Two kinds of Data: Categorical and Numerical
Data comes in two flavors: Numeric and Categorical. Numeric data is easy, it’s numbers. Categorical data is everything else.
As the name suggests, categorical data is information that comes in categories—which means each instance of it is distinct from the others. Names are an example of categorical data, and my name is distinct from your name. On the unlikely chance that your name is the same as mine, I’m sure our government-issued ID numbers, phone numbers, and email addresses are distinct—which are also categorical data.
Examples of Numeric and Categorical Data
As you can see from the examples at the bottom of this table, some kinds of data can be represented both as numeric data and categorical data. The type of information conveyed is different in each case, but this illustrates that there is often a reasonable relationship or translation between the two. In fact, many times when a person is trying to use numeric data, they implicitly convert it into categorical data—at least mentally. If I offered to put either $5,000,791 or $5,000,792 into your bank account, you probably wouldn’t spend much time arguing about which deposit should be made. The amounts are not categorically different. Your brain still says “$5 million.” Their difference doesn’t matter as much as the fact that they are just very big compared to the small $5 you might occasionally find on the sidewalk.
Categorical data is often directly interpretable by humans—and often more of a challenge to interpret with computers.
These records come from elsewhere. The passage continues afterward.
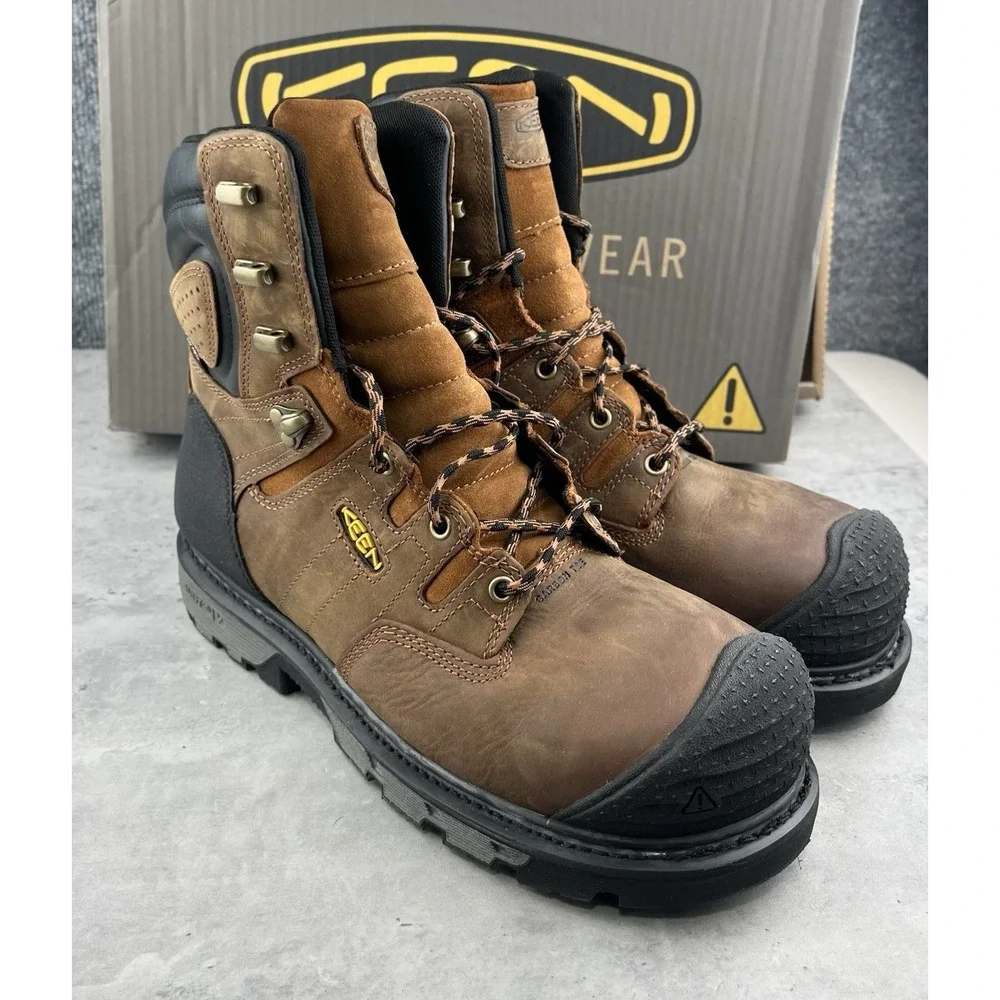 KEEN Camden 8 WP Work Boots Men 10.5 EE Wide Brown Carbon Toe Waterproof 1027672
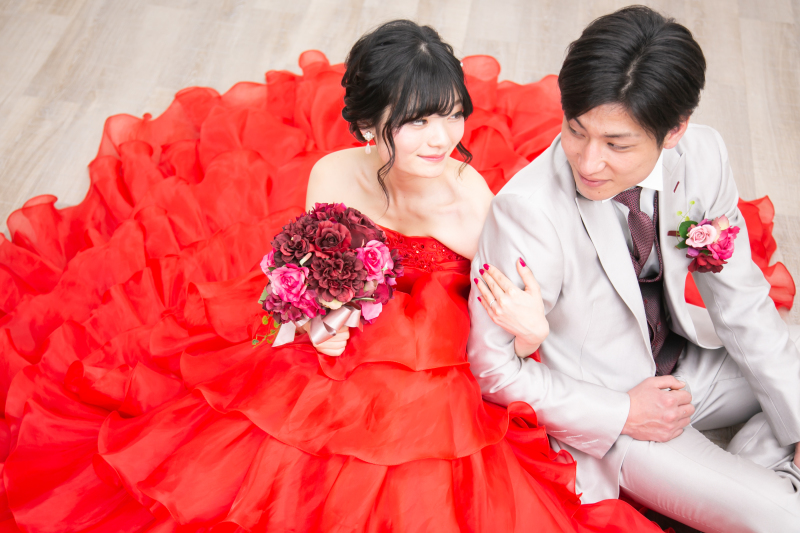 ドレスを広げて、、、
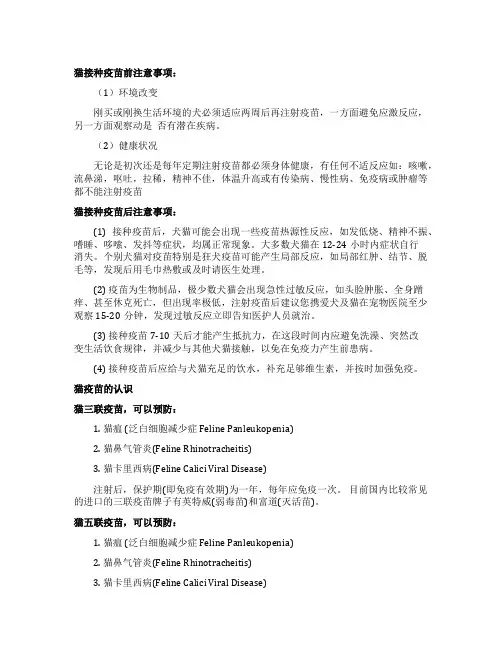 猫打疫苗注意事项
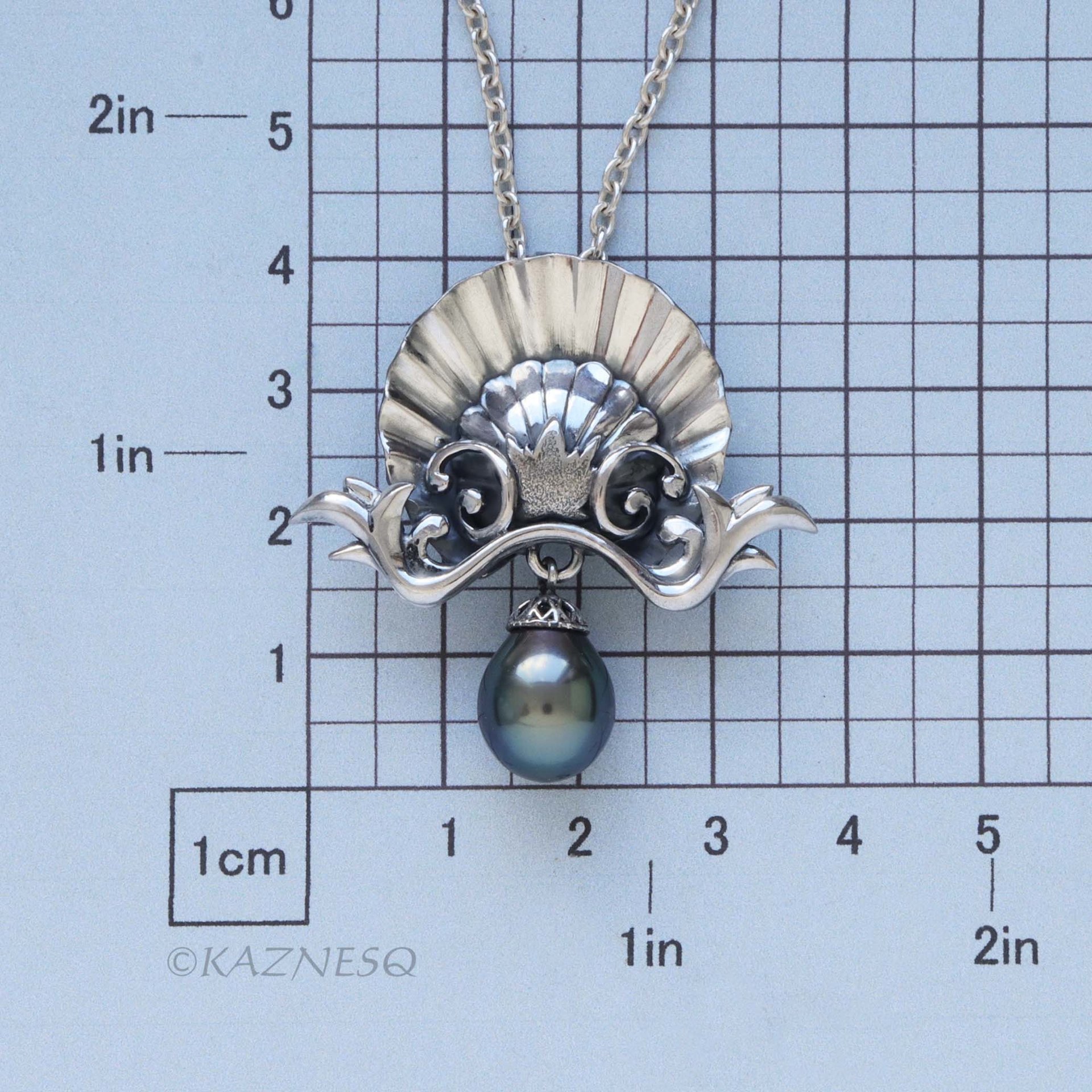 Antique-Style Tahitian Black Pearl Pendant Necklace, Handmade Sterling Silver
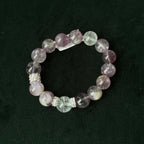 Natural Brazilian Amethyst and Purple Rutilated Quartz Bracelet | emotional clarity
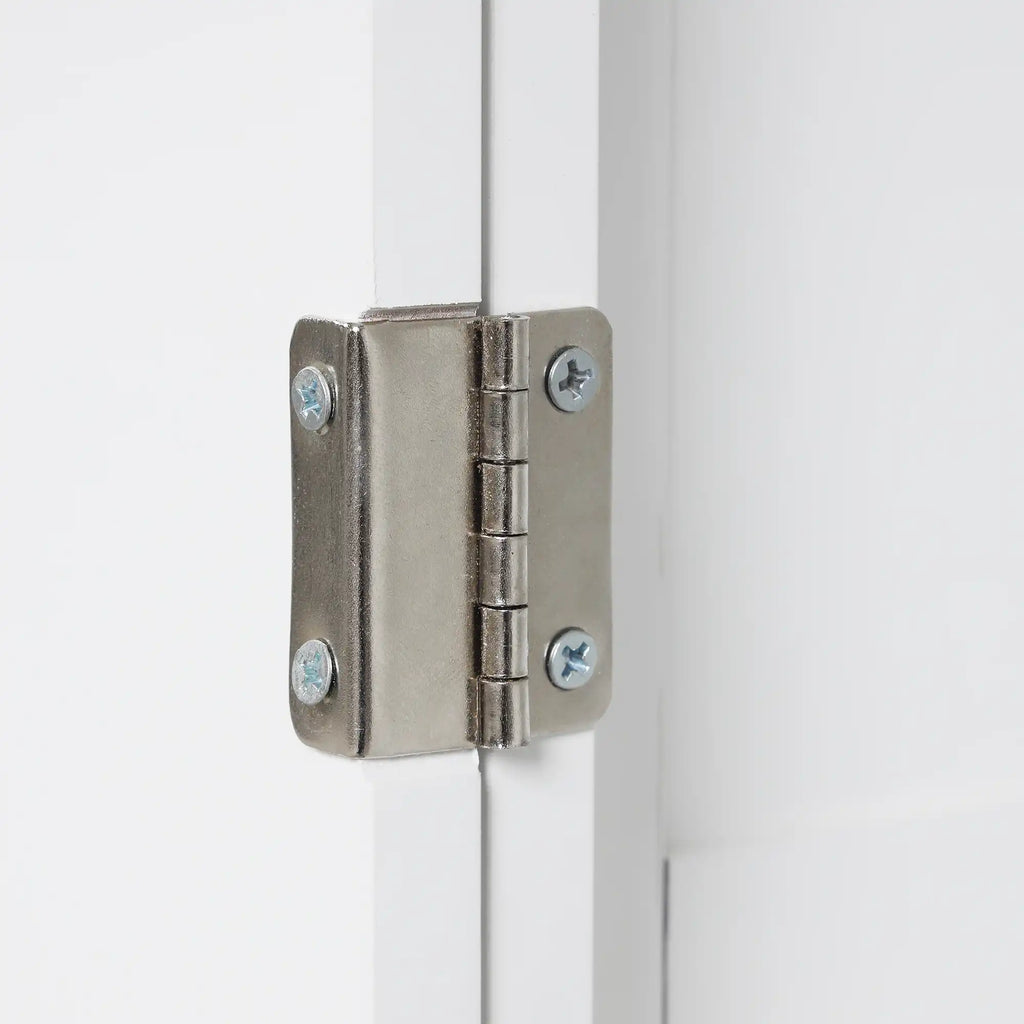 High quality stainless steel hinge of the Valmor White Bathroom Storage Cabinet.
While numeric data is produced by measuring—and you can usually divide them (at least conceptually) into smaller parts as much as you want (remember the plan in Office Space to collect fractions of a penny?)—categorical data is counted or referenced, not measured. It is often something you can point at or refer to linguistically. Each dot in a plot has a numeric position, but even if two dots have the same position the dots themselves are distinct because “this dot” is not “that dot.” So in short, we might just say that: categorical data is what numeric data is about.
What can you do with categorical data?
Unfortunately, the most common strategy is just to ignore the categorical data. Log data often holds a wealth of information about categorical values, but because of its volume and lack of tooling, most of that data sits unused in log archives on the vague hope that, if a human is ever forced to look at this data by some future algorithm, the human will be able to read the categorical information and understand it directly. While the numerical data is processed by common analysis tools, the categorical data is ignored in the hope that numeric data happens to contain the answers that will be needed in the future.
If you don’t ignore categorical data, then by far the most common thing to do with it is to count the values. Entire tech stacks—and even entire companies—have been built around counting how many times each categorical value is seen. It is often very useful to know how frequent some values are. Rare values can be insightful. Common values can help you understand your data better. The word-count problem has become the de facto “hello, world” style example when getting started with stream processing tools like in this example from Apache Spark.
Turn it into Numbers
If you try to do something more sophisticated than simple counting, then the next most common approach is to use one of a handful of techniques to try to represent the categorical data as numeric data. While counting is often the domain of data engineers (and much harder and more interesting than it looks), data scientists usually try to reach further; one-hot encoding is the most common technique. More complex approaches try to “embed” the categorical data into a high-dimensional vector space. If successfully trained, this process will put similar values close to each other, and dissimilar values farther away. Embedding techniques can accomplish almost miraculous results in some specialized contexts (Word2Vec is still an astounding result, eight years later!), but these techniques require huge amounts of data, expertly trained, in a batch process ahead of time, so they cannot be used on data previously unseen.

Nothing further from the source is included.